New Tool Aims to Enhance Evaluation of Language Models in Education

Think researchers at a top-tier university who’ve created a game-changing tool. This tool aims to assess LLMs in a fair manner, with an emphasis on grade-appropriate STEM topics. The Unsupervised Teaching Quality Assessment (UTQA) tool has provided educators and researchers a way to train LLMs. For starters, it digs deep into the fascinating world of…

Lisa Wong Avatar

By

New Tool Aims to Enhance Evaluation of Language Models in Education

Think researchers at a top-tier university who’ve created a game-changing tool. This tool aims to assess LLMs in a fair manner, with an emphasis on grade-appropriate STEM topics. The Unsupervised Teaching Quality Assessment (UTQA) tool has provided educators and researchers a way to train LLMs. For starters, it digs deep into the fascinating world of thermodynamics. And of course, it is freely available, so educators around the world can use its powerful features.

The move, spearheaded by Professor Tobias Hertel, arrives as a growing number of educators look to AI to inform their teaching approaches. Since the start of the winter semester 2023, Hertel’s team has been deploying LLMs in their thermodynamics lectures. This class serves well over 150 students. The need for a subject-specific benchmark sparked the idea for UTQA. Our goal with this tool is to shine a light on the places where LLMs are strong and where they struggle.

The Purpose and Structure of UTQA

UTQA continues to be an incredibly valuable resource for educators and researchers. Its main purpose is to further our understanding of how LLMs can be used to supplement and enhance teaching. It further seeks to identify their shortcomings. The tool strongly emphasizes thermodynamics for scientific understanding and for teaching our audience. It offers powerful, terse laws that require deep logic.

Hertel goes on to elaborate that UTQA consists of 50 difficult, single-choice questions centered around fundamental thermodynamics. Two-thirds of these assignments are entirely text-based, the other third with diagrams or sketches, typical for didactic exercises. This structure allows for a comprehensive assessment of models in both textual and visual formats, closely resembling the challenges students face in real educational settings.

The addition of both text- and image-based tasks is especially critical. Hertel emphasizes that “the better models can handle multimodal binding, i.e., the combination of text and images, as well as irreversible regimes, the closer we get to reliable, subject-sensitive AI tutorials.” This comprehensive effort is focused on making AI a more impactful tool in teaching and learning environments.

Identifying Weaknesses in Current Models

Though the potential abilities of LLMs are certainly promising, Hertel’s team wanted to point out some notable shortcomings in their performance.

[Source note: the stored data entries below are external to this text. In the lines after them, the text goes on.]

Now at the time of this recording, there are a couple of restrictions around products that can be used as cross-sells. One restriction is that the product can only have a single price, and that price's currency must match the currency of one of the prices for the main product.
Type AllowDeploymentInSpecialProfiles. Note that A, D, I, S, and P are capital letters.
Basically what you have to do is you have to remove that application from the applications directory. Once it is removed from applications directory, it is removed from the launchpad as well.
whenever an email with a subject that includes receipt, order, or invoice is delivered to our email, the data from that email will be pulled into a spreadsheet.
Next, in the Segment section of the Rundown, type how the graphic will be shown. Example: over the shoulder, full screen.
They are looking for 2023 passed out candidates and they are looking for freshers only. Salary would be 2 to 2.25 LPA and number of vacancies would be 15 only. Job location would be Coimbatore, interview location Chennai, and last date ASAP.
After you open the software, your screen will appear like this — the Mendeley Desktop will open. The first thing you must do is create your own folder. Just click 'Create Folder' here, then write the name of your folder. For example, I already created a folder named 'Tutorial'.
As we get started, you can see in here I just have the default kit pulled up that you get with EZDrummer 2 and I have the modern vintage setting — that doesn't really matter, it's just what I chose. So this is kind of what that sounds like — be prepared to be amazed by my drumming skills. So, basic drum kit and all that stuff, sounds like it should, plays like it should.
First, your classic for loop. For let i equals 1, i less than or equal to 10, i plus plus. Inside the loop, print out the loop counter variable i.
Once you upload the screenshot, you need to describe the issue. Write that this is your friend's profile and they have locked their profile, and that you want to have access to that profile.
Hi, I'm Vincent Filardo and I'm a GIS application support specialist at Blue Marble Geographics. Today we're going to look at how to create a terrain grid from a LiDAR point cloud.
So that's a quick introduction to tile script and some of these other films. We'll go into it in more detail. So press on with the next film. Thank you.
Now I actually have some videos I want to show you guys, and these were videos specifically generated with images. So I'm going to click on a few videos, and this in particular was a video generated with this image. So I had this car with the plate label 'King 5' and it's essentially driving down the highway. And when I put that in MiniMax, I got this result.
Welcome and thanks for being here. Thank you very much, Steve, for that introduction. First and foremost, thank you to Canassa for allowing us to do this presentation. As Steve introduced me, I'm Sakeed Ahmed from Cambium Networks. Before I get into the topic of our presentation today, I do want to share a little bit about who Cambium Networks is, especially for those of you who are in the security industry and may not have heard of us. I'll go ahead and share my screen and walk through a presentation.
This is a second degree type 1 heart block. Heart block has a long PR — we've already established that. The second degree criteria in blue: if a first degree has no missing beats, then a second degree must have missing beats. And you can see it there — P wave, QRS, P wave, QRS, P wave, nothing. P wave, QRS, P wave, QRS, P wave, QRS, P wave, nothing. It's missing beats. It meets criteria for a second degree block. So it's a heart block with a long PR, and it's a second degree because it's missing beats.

The evaluation revealed that no model achieved the 95% success rate necessary for unsupervised assistance as an AI tutor using UTQA.

Hertel explained, “Two weaknesses were noticeable: Firstly, the models consistently had difficulties with so-called irreversible processes, where the speed of the state change influences the outcome. Secondly, there were clear deficits in tasks that required image interpretation.” These findings suggest that, although promising, LLMs are not sufficiently reasoning-capable to be effective as unsupervised tutors.

Hertel said LLMs are already able to offer great support in teaching. They have not matured enough to adequately be used as such. This finding points to a continued need for research and development of AI technologies designed specifically for education.

The Road Ahead for AI in Education

The creation of UTQA is a huge leap forward for educators seeking to embrace AI technologies into their courses. This novel framework, which emphasizes thermodynamic considerations and a rigorous evaluation of LLMs, is a crucial first step in figuring out how to use these technologies to our benefit.

Hertel expressed optimism about the future potential of AI in education: “Our wish is that AI will one day be able to support us as an unsupervised partner in teaching—for example, in the form of competent chatbots that respond individually to the needs of each student in the preparation and follow-up of lectures. We’re obviously not even close to that point, but the advances are dazzling.

So here, the contributions from students were the real linchpin to this whole effort. In addition, two of the student teachers heavily involved with the research project contributed their specialized didactic perspectives, which furthered the development process.